About this task
Restate all of the entries exactly. Any picture in them should be skipped.

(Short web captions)
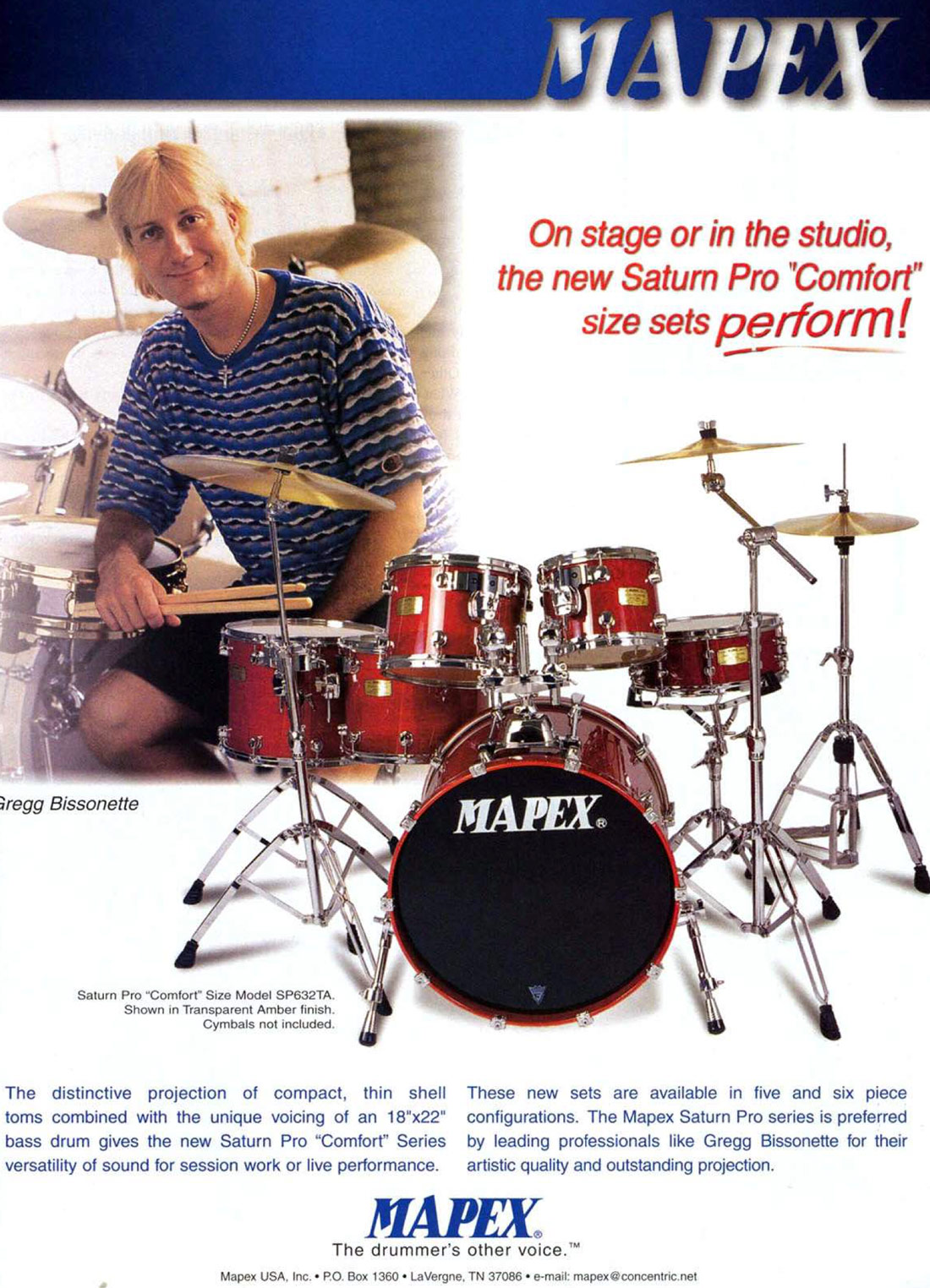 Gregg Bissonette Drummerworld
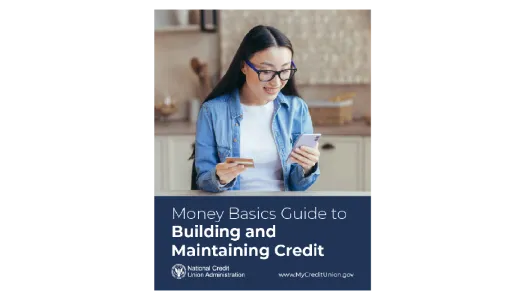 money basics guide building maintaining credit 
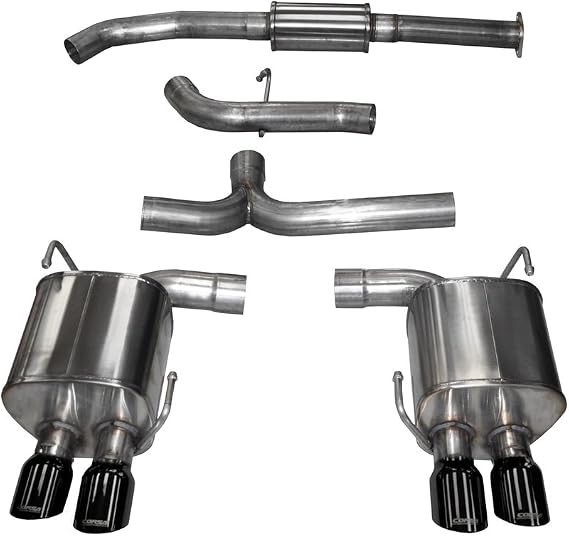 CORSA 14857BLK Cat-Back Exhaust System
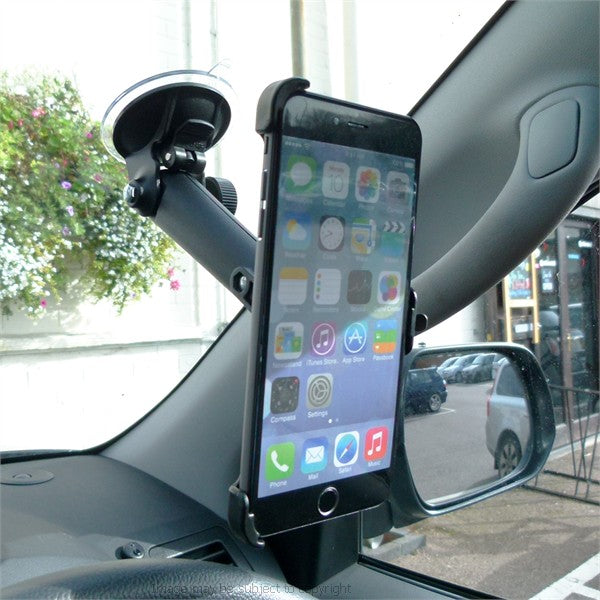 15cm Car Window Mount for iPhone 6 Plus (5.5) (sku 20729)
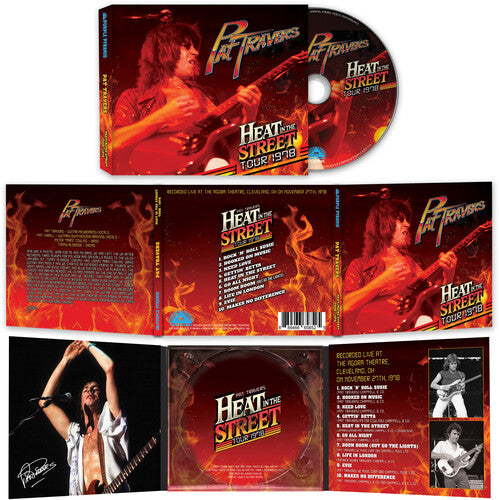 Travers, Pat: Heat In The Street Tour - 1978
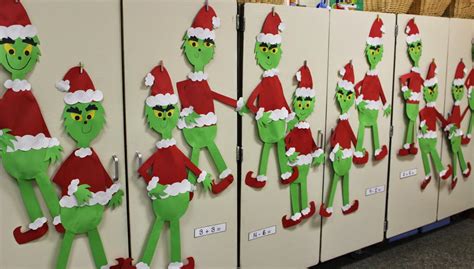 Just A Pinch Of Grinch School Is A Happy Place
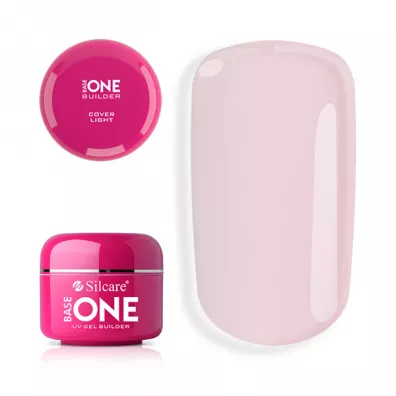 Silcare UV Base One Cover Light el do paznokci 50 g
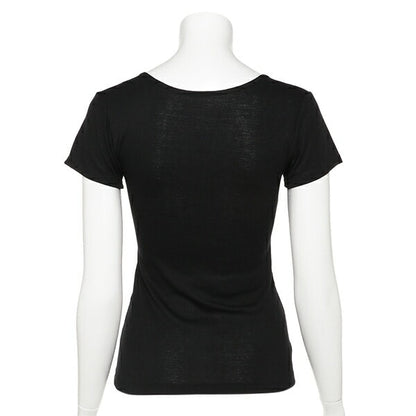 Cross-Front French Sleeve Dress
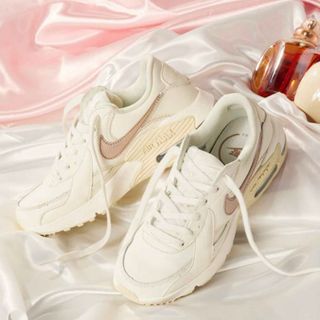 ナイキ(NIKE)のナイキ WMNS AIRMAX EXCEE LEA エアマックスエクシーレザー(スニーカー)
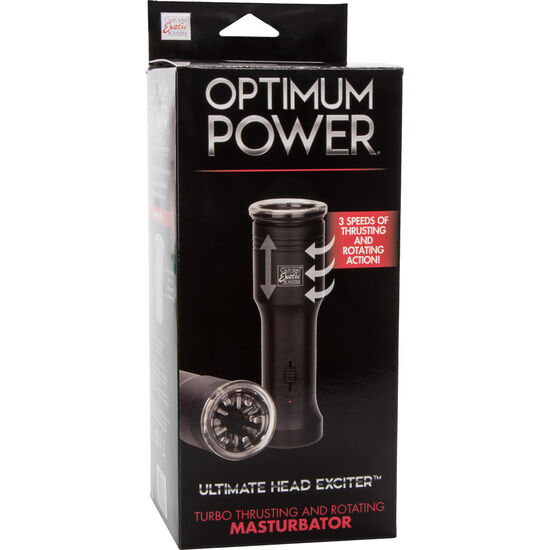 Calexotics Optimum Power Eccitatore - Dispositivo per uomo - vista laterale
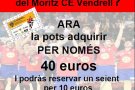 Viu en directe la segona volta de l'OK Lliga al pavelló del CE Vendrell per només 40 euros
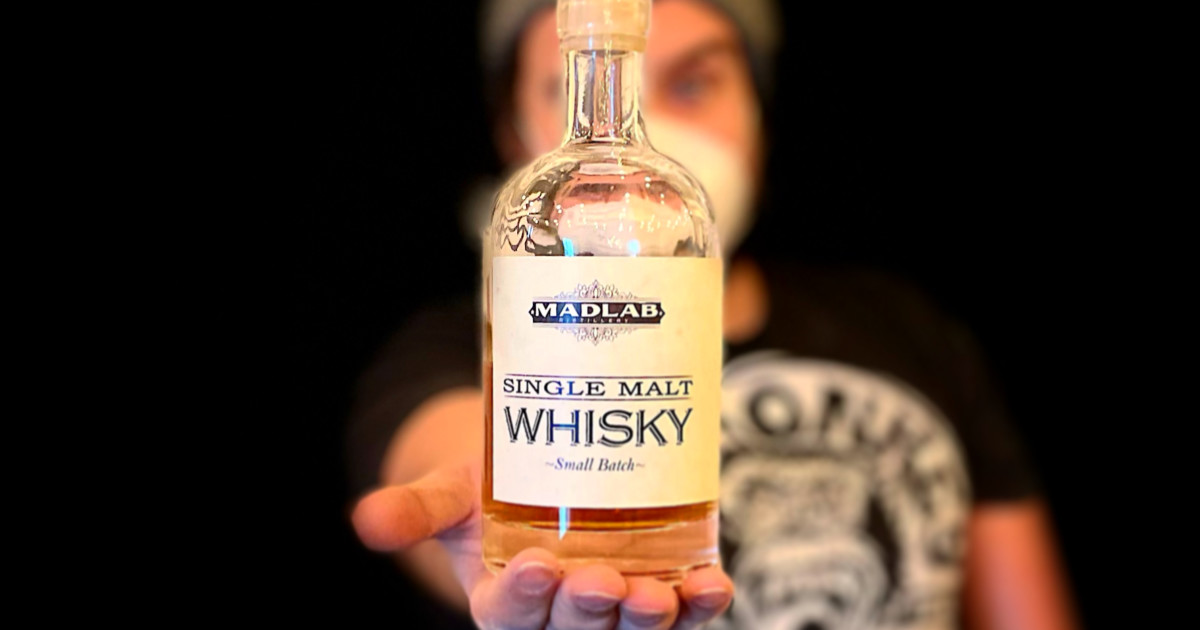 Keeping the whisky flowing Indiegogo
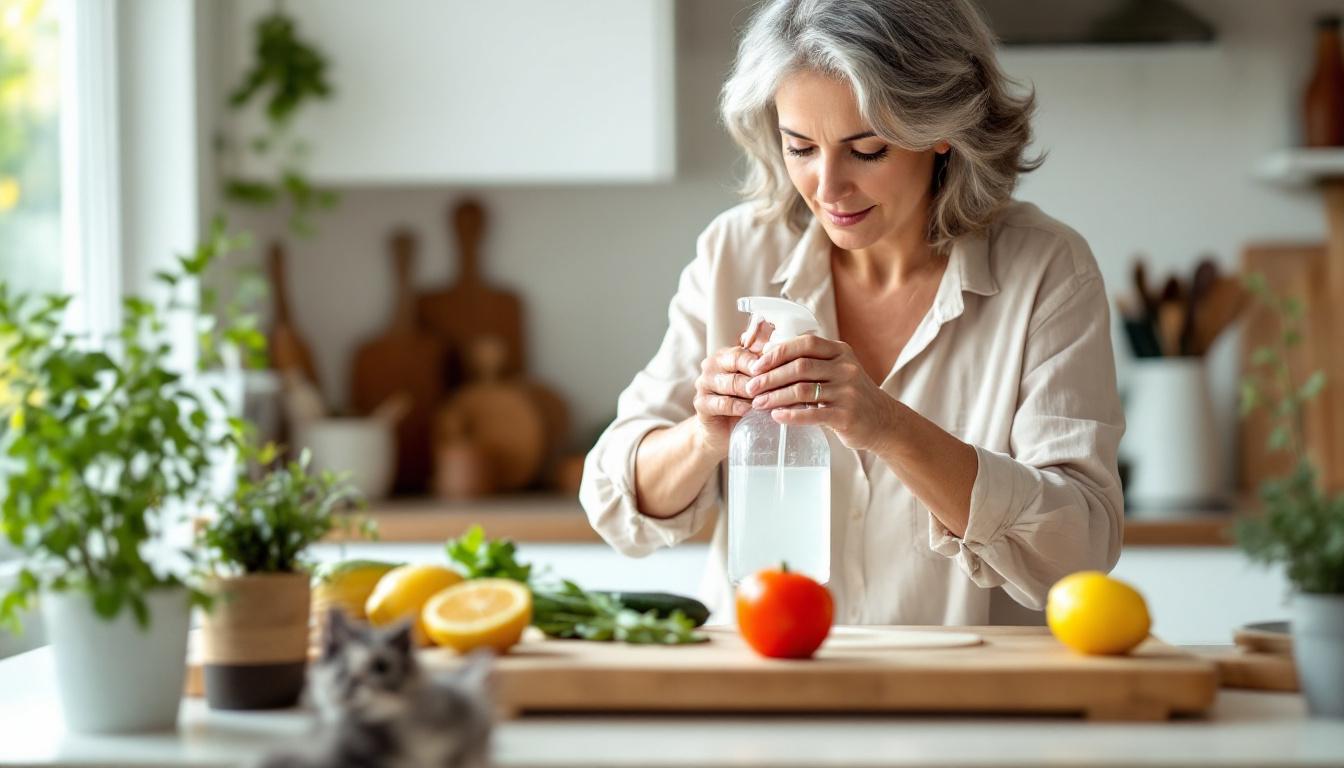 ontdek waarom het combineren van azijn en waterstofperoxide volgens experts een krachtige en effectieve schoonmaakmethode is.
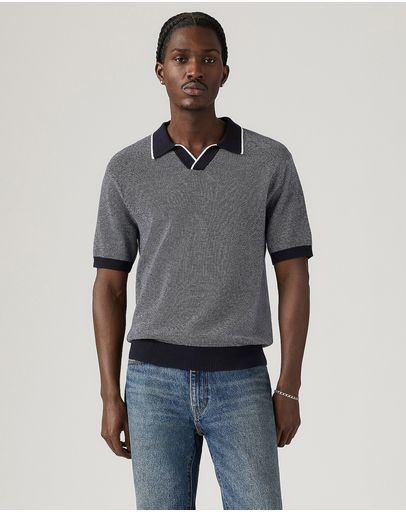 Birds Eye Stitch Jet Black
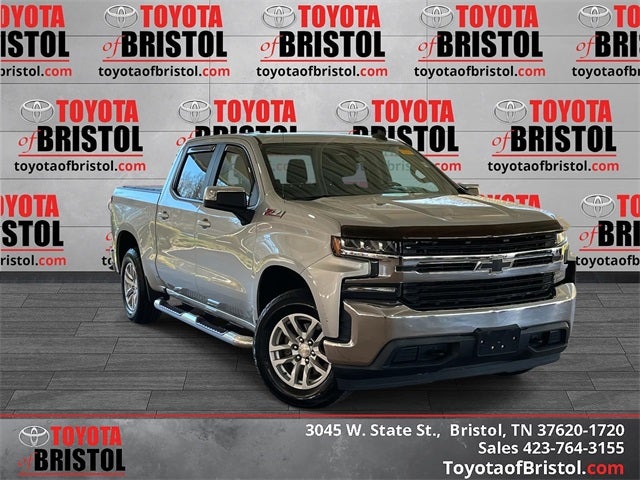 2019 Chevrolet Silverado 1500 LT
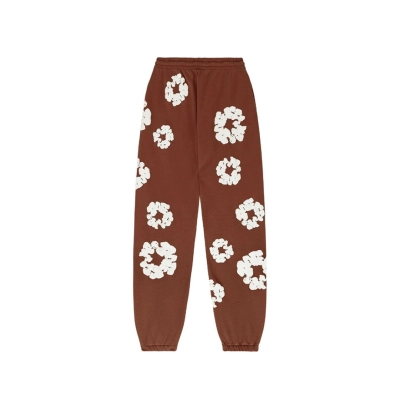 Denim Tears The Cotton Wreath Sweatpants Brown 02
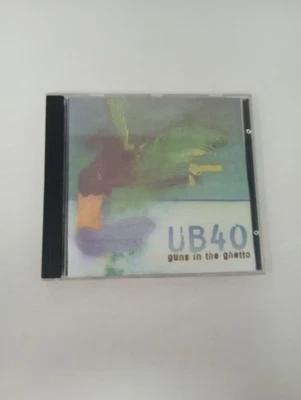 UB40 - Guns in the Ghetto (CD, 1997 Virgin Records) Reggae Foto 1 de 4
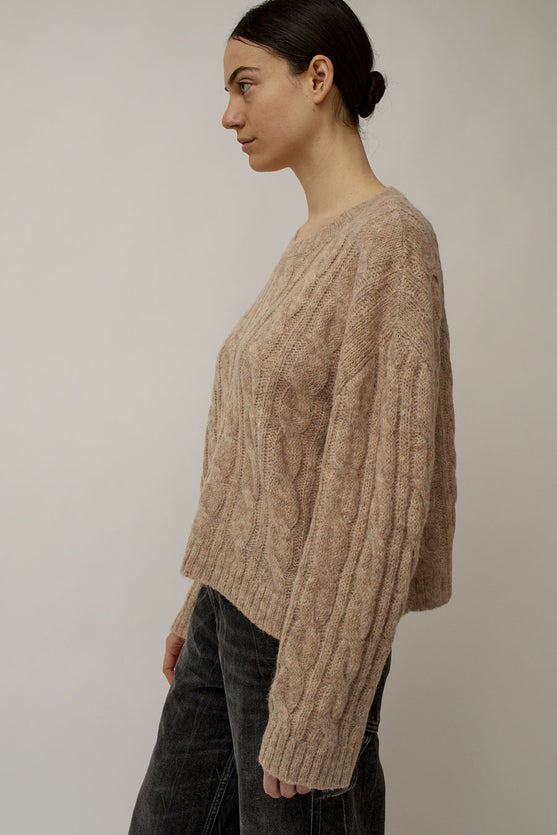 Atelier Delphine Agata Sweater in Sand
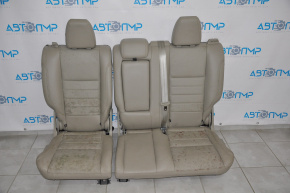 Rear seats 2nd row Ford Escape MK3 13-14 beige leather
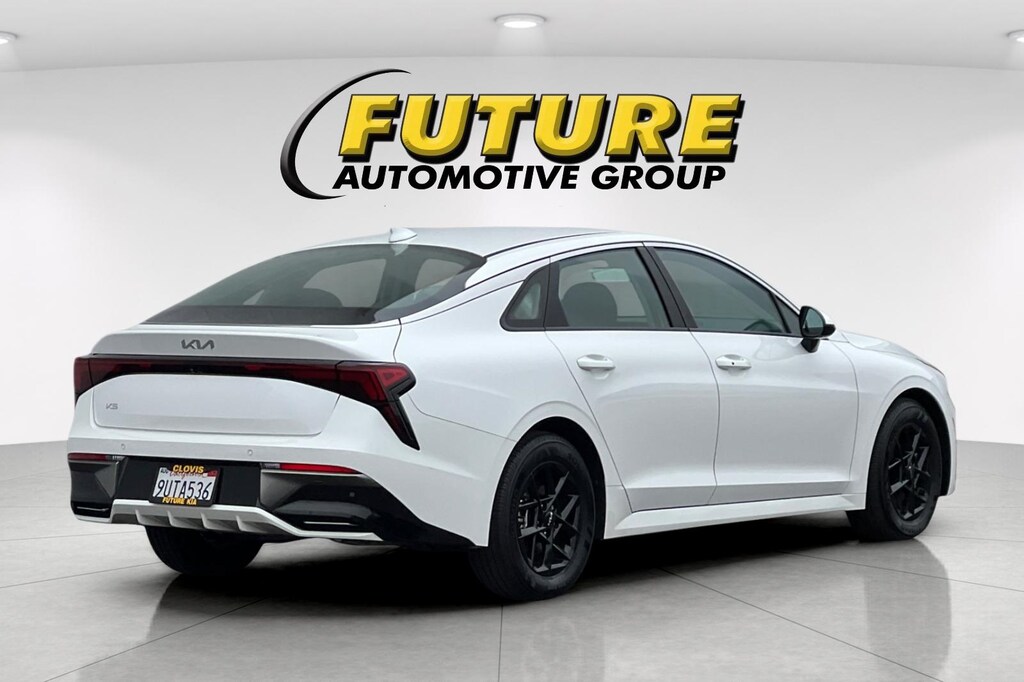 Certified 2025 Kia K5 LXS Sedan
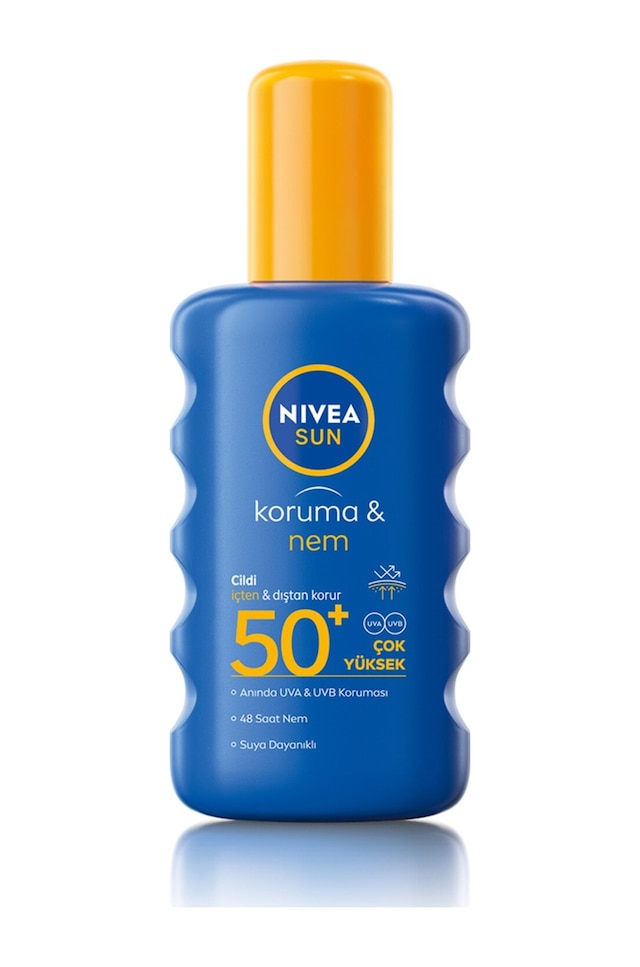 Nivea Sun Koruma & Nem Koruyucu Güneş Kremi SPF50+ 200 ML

Answer section
 Gregg Bissonette Drummerworld
 money basics guide building maintaining credit 
 CORSA 14857BLK Cat-Back Exhaust System
 15cm Car Window Mount for iPhone 6 Plus (5.5) (sku 20729)
 Travers, Pat: Heat In The Street Tour - 1978
 Just A Pinch Of Grinch School Is A Happy Place
 Silcare UV Base One Cover Light el do paznokci 50 g
 Cross-Front French Sleeve Dress
 ナイキ(NIKE)のナイキ WMNS AIRMAX EXCEE LEA エアマックスエクシーレザー(スニーカー)
 Calexotics Optimum Power Eccitatore - Dispositivo per uomo - vista laterale
 Viu en directe la segona volta de l'OK Lliga al pavelló del CE Vendrell per només 40 euros
 Keeping the whisky flowing Indiegogo
 ontdek waarom het combineren van azijn en waterstofperoxide volgens experts een krachtige en effectieve schoonmaakmethode is.
 Birds Eye Stitch Jet Black
 2019 Chevrolet Silverado 1500 LT
 Denim Tears The Cotton Wreath Sweatpants Brown 02
 UB40 - Guns in the Ghetto (CD, 1997 Virgin Records) Reggae Foto 1 de 4
 Atelier Delphine Agata Sweater in Sand
 Rear seats 2nd row Ford Escape MK3 13-14 beige leather
 Certified 2025 Kia K5 LXS Sedan
 Nivea Sun Koruma & Nem Koruyucu Güneş Kremi SPF50+ 200 ML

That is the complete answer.